Former President George W. Bush and action star Sylvester Stallone — two faces of the baby boomer generation — both turned 65 on July 6.

And though that may be the traditional age of retirement, what does it mean to be 65 today?

“People are so active … well after age 65,” said Sara Leitsch, senior research scientist at the National Opinion Research Center at the University of Chicago. “It’s an imaginary number based on Social Security.”

While the accepted retirement age shifted downward between the 1950s and the mid-1980s, baby boomers are expecting to work longer, reversing the trend, according to the University of Michigan Health and Retirement Study.

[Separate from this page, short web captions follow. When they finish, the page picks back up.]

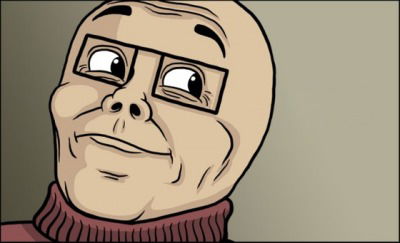 Павел Легельбах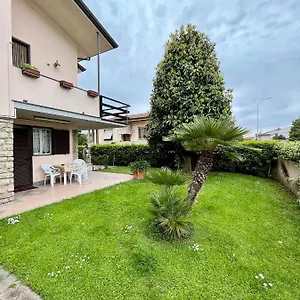 Appartamento La Casa Di Tamara, Torre del Lago Puccini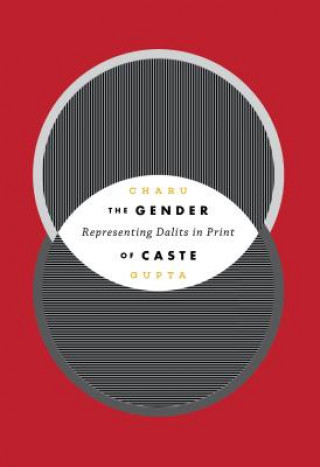 Libro Gender of Caste Charu Gupta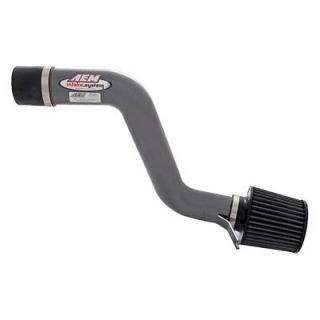 aem induction systems 21 5009c air intake gray
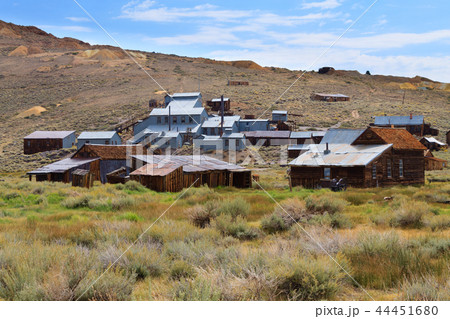 Bodie ghost town 44451680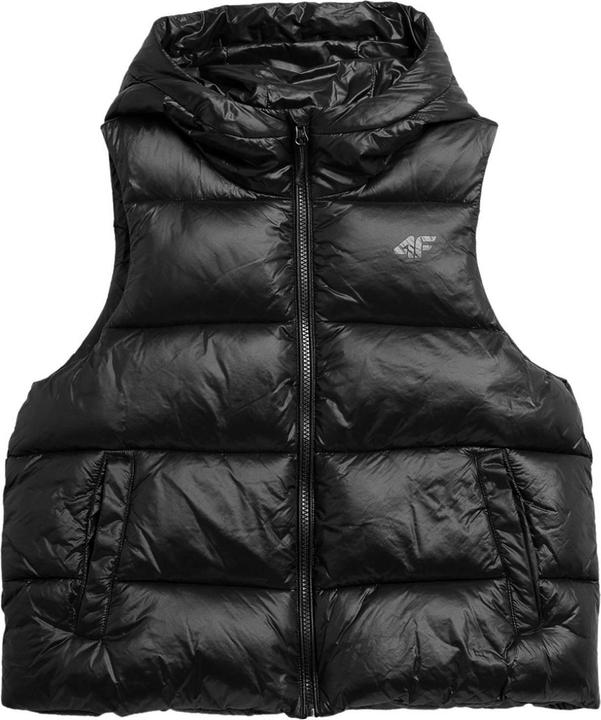 Produktbild 4F SS23TDJAF092 Weste (L)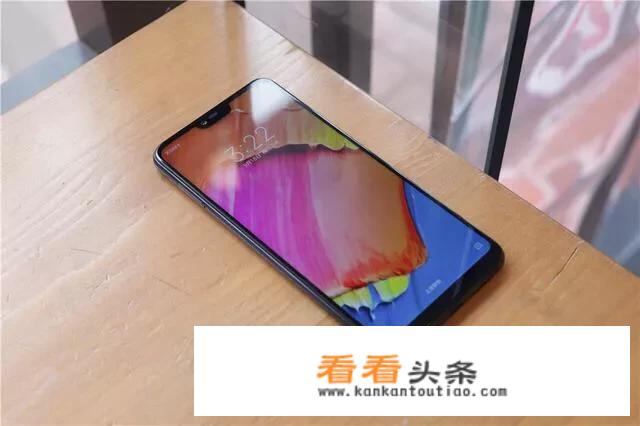 vivo手机3千左右性价比最高哪款？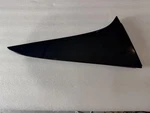 14-18 Bmw F15 X5 Right Rh Side Spoiler Molding Trim Used Oem. Fixed Price $32.00.
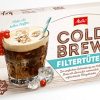 Germany: Melitta launches cold-brew coffee filters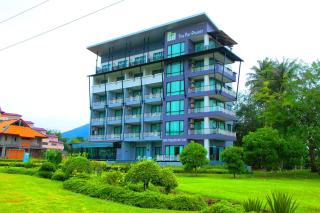 The Par Phuket SHA Plus - Kathu - 0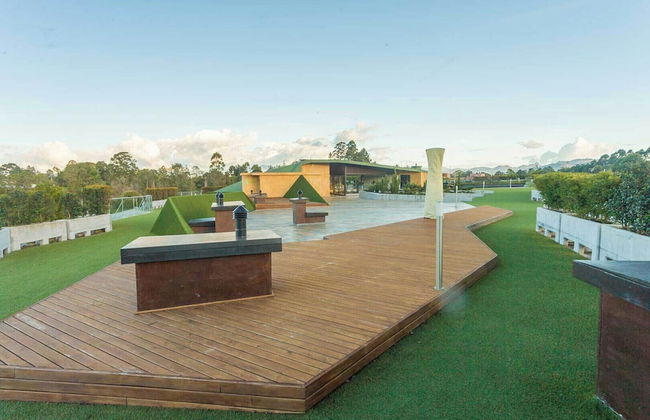 Hotel Rioverde- 5 minutos de cercanía al aeropuerto - Photo 15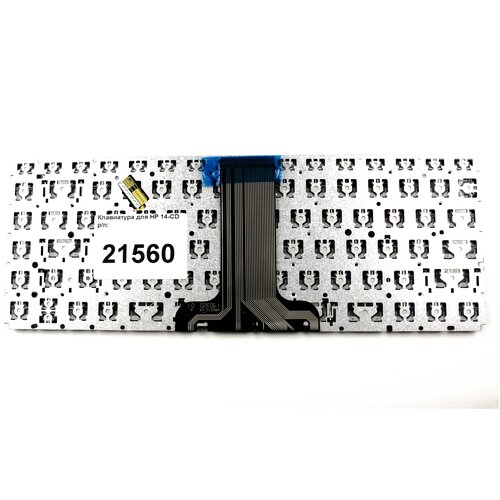 Клавиатура для HP 14-CD p/n:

“Retirement used to be at 65 because people weren’t physically able,” Leitsch said.

Today, most people decide when to retire based on financial — not physical — reasons, she said, adding that the economic downturn has forced many people to work longer than they want.

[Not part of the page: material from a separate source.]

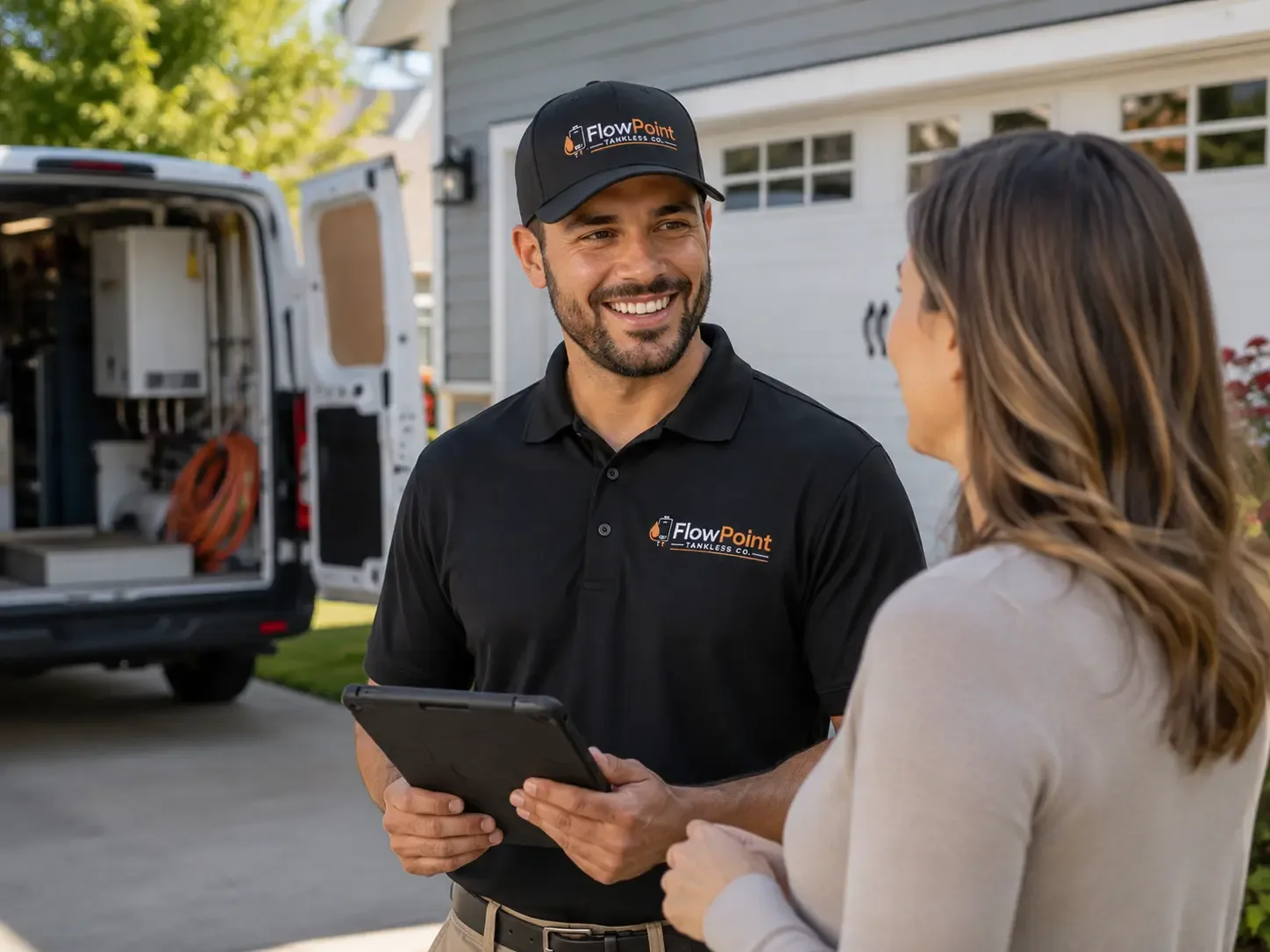 Tankless Water Heater Installation Lyons, CO FAQs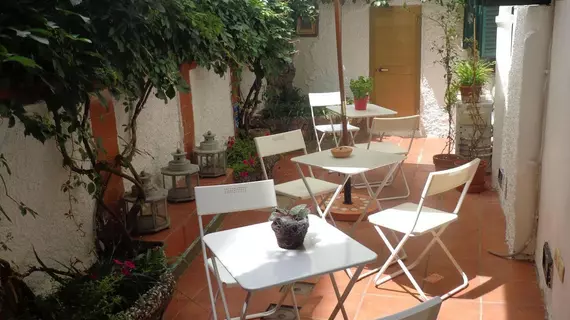 Piccarda Bed and Breakfast | Toskana - Floransa (il) - Floransa - Porta al Prato - Santa Maria Novella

In fact, people born in 1946, like Bush and Stallone, aren’t eligible to collect their full Social Security benefits until next year, though those two in particular might be OK without it.

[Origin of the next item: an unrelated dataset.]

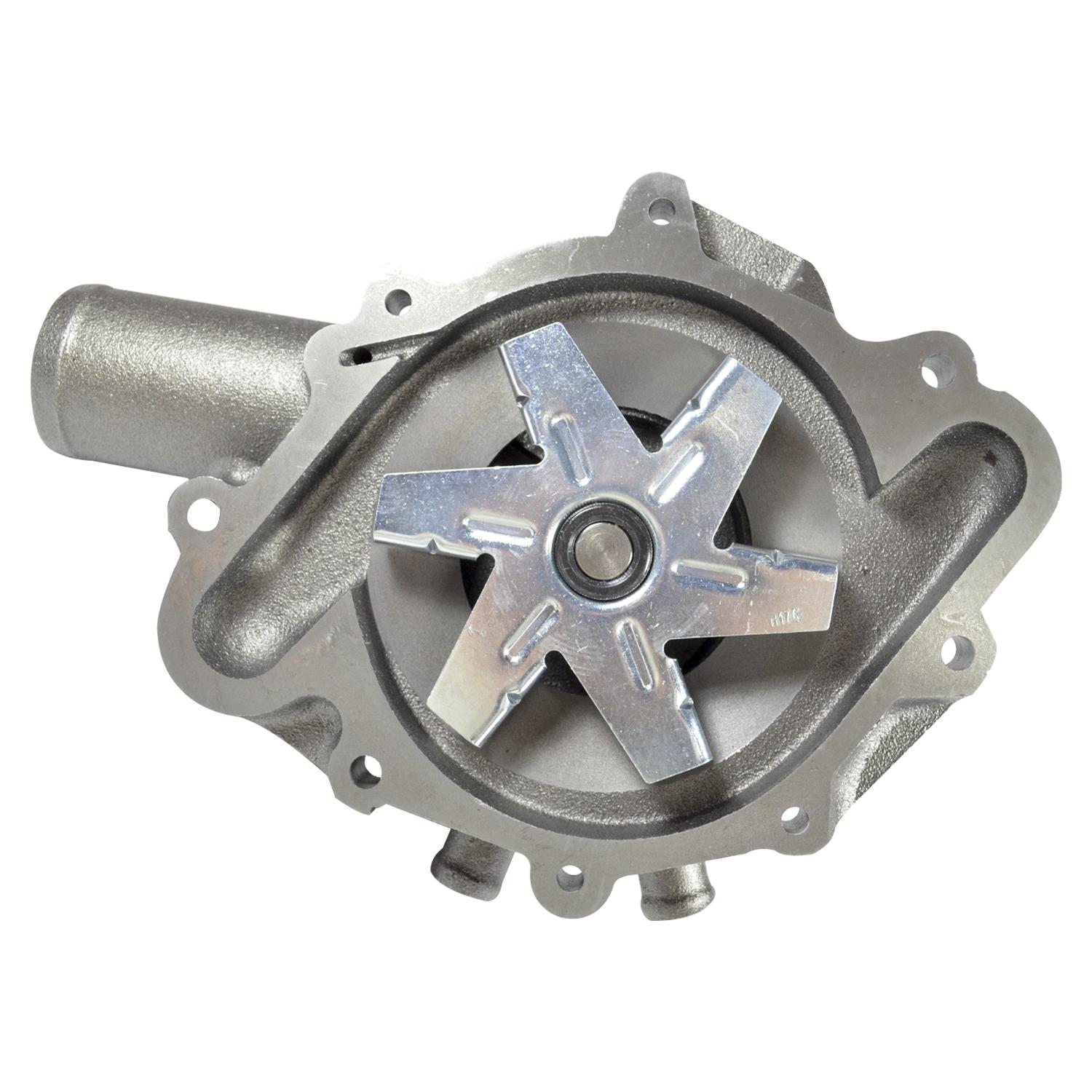GMB 1302773 - Engine Water Pump GMB 1302773 Engine Water Pump product image 2 of 4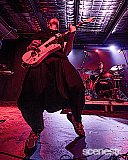 Photos: Regurgitator - Miami Marketta, Gold Coast - 14 June, 2024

Doctors and researchers who study age look at people in their 80s, Leitsch said, adding that healthy living earlier in life dictates healthy aging.

“Sixty-five now is what 45 used to be. People are active, they’re engaged,” she said. “They have the freedom to make choices they never before could.”

In 1950, men who retired at 65 lived an average of 13 more years, while women lived 15 more, according to the University of Michigan study. Today, men who retire at 65 live 17 more years, and women live 20 more years.

These adults, in their 70s and 80s, are staying more active than ever before, Leitsch said.

“Even at older ages, adults stay very active in their social network, very active intellectually in their hobbies and activities and their community organizations,” said Leitsch, who cites advances in medicine and more awareness about healthy lifestyle behaviors. “People are not only living longer but they’re living healthier longer.”

At the Sun City Huntley retirement community, for instance, the average age of residents has increased from the mid-60s to the late-60s since it opened 12 years ago, according to Cynthia O’Connor, lifestyles director there.

“Feeling great is ageless,” O’Connor said.

Likewise, Leitsch didn’t give an age for the new “senior.”

“Age is no longer chronological,” she said, “It’s physical.”